I’d just been to the SCBWI event with Candy Gourlay and lots of lovely SCBWI friends as well. I won’t be a spoiler and tell you all about it, as this event may appear in a location near you, soon (and GO if it does – it was a fascinating and inspiring talk). But a few thoughts collided in my brain on the journey home.

They were three:

  • a rejection received the day before: along of the lines of, concept check; writing check; supporting cast, check; main character – er… – lacking something?
  • Culture and cultural clashes – being from one place, living in another – what this means (and from a personal perspective, it is one of those things you don’t really get when you are making the decision: at 20-something or even 30-something, you don’t feel the long-term implications in your guts)
  • Write what you know vs. write what you are.
I’ve had this sort of debate with myself, before. If you looked up ‘rootless’ in the dictionary, I’m sure you’d see my photo: Dad Dutch, Mum’s parents Finnish, me born in France, moving every five minutes with Dad’s air force postings throughout childhood. And I continued this pattern on my own, living all over Canada and Australia, collecting degrees and changing careers along the way, until I somehow landed in England. I’ve lived in the same house here now for six years with my partner, and I’ve never even come close to that long before. It is a bit terrifying.

When Frances Lincoln had a ‘Diverse Voices’ writing competition a few years ago, I remember looking at it, and wondering: would writing about belonging nowhere be an acceptable interpretation of the rules?

I decided not, but out of the thinking JJ was born, my 13 year old character in Meet Me at the Lost and Found whose artist dad and poet mum had her many times around the globe before she could talk.

Writing what you know: the feeling of belonging nowhere and trying to find a place for yourself, and the survival techniques you learn, like how to quickly integrate enough but not too much in new surroundings. The ‘one friend’ rule: you just need one, and you’re all right.

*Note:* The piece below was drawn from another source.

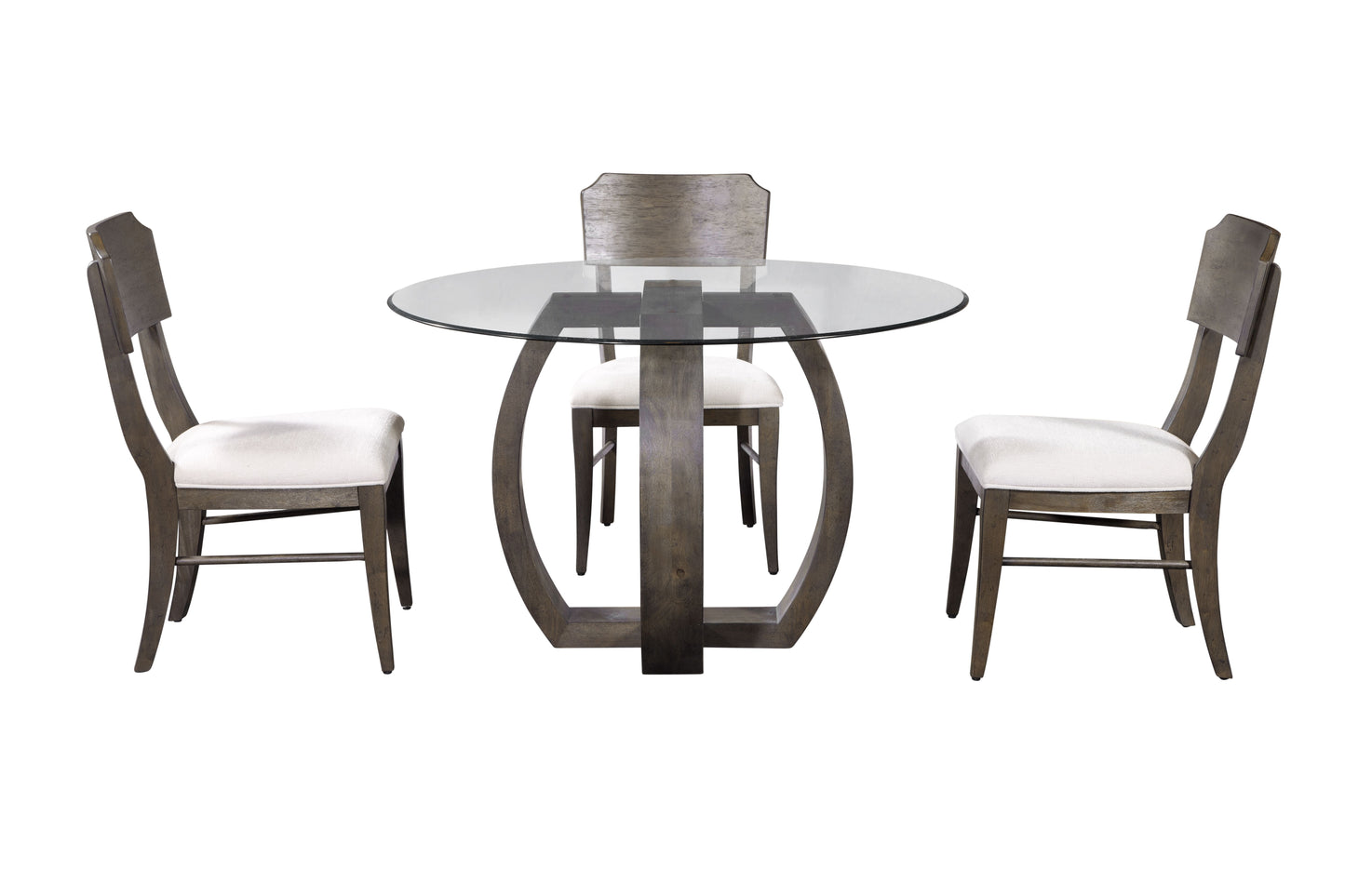 Kellan Rubber Wood and Glass Black Round Dining Table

When it was gently rejected last week, it was pointed out that the ‘warm fuzzies’ this sort of 10-plus book needed to have were missing. The expectation that JJ was making her own family for herself when her parents dumped her with an Aunt in London were not fulfilled. The relationship with her Aunt and Grandad didn’t develop sufficiently, and JJ wasn’t likeable enough. And the criticism was fair.

On my train journey, I was thinking about the three things I mentioned above, and about rejections of the past. And I started to spot a pattern.

My secondary characters are not generally a problem: it is always the ‘I’, the main character, their development, their relationships, readers’ sympathies with them. There seemed to be a recurring theme.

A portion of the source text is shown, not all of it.